Genuine speech is neither violent nor servile; it is expressed as understanding, memory, and love. Nazi ideology stood in sharp contrast to what is true about our humanity; so it is no surprise that Hitler’s Reich imposed great suffering on anyone who, for reasons of conscience, refused to speak what was commanded. Still, how does one film the work of the conscience, hidden as it is? How does one capture the internal struggle to speak when confronted by the demand for conformity? Malick successfully recreates this struggle for us. While his story focuses primarily on the struggle of one historical individual, the experiences that Malick captures on film deepen our understanding of and sympathy for the precarious condition we all share.

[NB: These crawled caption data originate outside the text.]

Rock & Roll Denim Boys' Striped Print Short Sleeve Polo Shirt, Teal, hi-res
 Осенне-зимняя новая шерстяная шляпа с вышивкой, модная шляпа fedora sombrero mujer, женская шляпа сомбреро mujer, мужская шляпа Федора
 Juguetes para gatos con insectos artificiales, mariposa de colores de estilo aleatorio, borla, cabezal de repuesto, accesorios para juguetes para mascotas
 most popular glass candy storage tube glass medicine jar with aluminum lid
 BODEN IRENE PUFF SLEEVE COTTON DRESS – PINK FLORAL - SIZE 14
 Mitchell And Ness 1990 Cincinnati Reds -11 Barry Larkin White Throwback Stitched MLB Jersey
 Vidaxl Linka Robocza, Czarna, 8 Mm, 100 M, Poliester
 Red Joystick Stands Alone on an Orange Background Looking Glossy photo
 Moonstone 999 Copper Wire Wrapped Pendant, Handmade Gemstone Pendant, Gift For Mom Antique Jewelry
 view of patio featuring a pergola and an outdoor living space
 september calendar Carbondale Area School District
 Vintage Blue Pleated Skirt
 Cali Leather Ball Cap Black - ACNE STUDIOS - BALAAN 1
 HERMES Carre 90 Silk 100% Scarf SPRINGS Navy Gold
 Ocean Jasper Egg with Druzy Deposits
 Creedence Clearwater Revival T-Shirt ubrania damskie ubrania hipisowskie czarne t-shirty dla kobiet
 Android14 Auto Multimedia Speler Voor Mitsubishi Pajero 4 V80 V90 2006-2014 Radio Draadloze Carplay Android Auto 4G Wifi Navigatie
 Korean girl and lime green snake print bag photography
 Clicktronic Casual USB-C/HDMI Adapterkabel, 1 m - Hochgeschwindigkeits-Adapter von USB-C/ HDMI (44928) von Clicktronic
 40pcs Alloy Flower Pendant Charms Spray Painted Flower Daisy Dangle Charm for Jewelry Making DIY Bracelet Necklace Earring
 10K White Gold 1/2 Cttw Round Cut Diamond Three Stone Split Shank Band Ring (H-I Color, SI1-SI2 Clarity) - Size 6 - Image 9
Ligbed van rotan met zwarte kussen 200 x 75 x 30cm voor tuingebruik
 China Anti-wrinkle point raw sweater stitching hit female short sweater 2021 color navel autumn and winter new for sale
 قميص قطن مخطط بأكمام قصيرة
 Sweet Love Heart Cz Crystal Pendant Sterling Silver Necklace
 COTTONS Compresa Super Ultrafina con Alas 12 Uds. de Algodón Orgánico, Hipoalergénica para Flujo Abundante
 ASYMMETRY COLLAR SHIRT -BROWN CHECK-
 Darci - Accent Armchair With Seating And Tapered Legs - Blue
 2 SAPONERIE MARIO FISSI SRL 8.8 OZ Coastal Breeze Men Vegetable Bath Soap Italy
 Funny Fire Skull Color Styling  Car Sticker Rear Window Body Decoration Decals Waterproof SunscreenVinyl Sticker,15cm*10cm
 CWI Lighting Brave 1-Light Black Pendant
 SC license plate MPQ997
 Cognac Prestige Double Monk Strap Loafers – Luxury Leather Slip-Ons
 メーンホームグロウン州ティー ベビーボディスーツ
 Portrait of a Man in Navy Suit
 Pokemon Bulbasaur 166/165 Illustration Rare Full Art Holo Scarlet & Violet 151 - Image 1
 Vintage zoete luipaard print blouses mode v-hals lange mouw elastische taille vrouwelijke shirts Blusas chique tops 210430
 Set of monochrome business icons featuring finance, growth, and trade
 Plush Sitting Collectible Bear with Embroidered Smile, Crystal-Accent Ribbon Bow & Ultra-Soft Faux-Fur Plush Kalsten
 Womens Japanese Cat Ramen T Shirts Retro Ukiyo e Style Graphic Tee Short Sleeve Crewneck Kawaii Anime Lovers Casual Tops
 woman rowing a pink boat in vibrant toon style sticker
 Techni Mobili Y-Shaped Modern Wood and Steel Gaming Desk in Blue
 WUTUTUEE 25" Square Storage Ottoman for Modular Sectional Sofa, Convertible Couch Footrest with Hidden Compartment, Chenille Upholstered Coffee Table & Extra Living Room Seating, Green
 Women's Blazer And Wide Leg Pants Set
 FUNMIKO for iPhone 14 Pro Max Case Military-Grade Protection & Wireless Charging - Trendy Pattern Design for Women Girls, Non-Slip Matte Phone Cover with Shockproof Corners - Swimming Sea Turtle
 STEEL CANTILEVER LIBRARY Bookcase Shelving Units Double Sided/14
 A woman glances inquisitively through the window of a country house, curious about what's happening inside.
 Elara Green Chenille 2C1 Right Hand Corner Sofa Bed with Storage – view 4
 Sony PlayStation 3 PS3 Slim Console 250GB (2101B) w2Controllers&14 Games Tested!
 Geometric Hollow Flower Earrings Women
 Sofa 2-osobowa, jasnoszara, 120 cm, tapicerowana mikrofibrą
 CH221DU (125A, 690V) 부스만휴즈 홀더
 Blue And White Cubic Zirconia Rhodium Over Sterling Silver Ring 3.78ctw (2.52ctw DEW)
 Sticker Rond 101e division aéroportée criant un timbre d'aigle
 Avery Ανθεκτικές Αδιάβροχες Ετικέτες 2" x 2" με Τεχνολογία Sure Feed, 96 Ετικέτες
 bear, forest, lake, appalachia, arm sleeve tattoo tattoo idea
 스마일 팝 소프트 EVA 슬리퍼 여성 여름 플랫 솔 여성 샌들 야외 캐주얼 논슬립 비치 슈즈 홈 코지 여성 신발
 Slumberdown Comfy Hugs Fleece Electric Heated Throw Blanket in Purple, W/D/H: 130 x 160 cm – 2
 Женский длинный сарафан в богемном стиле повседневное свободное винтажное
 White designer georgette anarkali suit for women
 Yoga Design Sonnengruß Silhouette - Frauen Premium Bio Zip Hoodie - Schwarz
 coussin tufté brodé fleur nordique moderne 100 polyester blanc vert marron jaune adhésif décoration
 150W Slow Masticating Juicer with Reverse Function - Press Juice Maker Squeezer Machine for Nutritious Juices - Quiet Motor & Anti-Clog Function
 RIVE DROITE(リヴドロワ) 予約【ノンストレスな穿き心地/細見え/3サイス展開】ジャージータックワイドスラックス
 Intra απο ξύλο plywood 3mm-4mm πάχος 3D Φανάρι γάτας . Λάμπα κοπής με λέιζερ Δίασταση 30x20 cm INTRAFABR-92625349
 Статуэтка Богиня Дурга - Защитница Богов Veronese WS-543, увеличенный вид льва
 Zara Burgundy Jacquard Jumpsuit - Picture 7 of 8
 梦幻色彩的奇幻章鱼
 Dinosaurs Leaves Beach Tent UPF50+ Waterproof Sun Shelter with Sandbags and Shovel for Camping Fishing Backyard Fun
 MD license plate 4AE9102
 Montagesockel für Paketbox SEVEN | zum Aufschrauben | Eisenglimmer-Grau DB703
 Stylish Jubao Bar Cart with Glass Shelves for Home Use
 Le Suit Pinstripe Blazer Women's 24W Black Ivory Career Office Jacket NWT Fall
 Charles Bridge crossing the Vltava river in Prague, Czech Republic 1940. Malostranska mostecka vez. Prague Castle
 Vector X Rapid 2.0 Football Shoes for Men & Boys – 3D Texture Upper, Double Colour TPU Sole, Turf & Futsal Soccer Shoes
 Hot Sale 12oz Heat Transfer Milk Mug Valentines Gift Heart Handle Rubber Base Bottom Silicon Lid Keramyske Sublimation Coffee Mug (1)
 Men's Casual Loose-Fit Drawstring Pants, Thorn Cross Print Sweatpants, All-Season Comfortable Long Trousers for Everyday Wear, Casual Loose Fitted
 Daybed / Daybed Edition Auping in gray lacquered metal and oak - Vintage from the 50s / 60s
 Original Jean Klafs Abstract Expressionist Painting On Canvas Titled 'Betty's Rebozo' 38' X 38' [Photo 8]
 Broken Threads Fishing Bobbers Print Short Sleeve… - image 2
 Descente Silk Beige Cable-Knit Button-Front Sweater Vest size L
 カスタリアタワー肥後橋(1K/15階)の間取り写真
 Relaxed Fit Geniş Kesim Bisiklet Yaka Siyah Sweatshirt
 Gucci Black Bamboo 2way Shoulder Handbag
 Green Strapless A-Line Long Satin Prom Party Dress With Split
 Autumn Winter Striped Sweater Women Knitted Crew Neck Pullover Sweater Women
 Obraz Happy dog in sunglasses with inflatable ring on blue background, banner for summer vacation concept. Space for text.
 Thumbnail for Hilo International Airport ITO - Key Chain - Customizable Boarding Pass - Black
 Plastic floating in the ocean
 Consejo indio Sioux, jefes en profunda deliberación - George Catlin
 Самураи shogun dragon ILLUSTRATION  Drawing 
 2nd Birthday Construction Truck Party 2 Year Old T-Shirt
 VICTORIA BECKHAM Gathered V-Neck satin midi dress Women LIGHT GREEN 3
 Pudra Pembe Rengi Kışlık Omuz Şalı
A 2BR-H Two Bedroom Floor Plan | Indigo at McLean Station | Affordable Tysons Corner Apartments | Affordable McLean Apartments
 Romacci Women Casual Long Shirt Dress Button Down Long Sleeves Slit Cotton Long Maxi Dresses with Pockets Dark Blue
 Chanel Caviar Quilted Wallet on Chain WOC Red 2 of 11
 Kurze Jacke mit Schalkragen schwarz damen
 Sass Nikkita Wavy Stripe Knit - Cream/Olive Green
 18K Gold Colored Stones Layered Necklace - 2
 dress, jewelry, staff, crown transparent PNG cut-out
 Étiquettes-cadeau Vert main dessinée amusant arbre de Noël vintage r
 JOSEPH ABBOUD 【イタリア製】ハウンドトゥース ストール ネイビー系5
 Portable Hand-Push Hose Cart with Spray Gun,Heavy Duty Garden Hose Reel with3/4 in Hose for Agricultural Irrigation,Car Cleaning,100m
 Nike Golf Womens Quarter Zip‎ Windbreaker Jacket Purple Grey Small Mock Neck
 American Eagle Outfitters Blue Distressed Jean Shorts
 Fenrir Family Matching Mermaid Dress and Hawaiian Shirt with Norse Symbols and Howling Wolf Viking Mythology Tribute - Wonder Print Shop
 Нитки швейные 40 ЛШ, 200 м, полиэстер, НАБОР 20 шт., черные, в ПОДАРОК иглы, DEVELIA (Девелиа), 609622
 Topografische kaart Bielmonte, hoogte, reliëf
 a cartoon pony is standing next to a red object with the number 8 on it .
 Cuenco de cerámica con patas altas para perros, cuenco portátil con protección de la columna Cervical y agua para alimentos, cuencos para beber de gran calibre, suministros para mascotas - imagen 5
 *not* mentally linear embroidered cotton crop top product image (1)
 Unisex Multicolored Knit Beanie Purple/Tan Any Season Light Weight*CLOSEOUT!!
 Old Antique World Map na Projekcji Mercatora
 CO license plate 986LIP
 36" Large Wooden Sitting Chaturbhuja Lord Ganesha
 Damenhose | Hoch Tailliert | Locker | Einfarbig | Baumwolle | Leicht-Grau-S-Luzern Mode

Franz and his wife Fani live in the remote Tyrolian village of St. Radegund. Early in the film, their existence is Edenic. At the village’s edge, bells toll from the tiny church where Franz serves as sacristan. The villagers live in neat wooden cottages, crafted seamlessly into the ancient, ascending mountainscape. While most of the film’s dialogue is spoken in English, the villagers greet each other with Grüss Gott (God bless you). Life there is verdant and without want, their land and abundance shared in peaceful harmony, as if the mountains have raised St. Radegund beyond the veil that separates heaven and earth. As Fani says in a voice-over, “We lived above the clouds.”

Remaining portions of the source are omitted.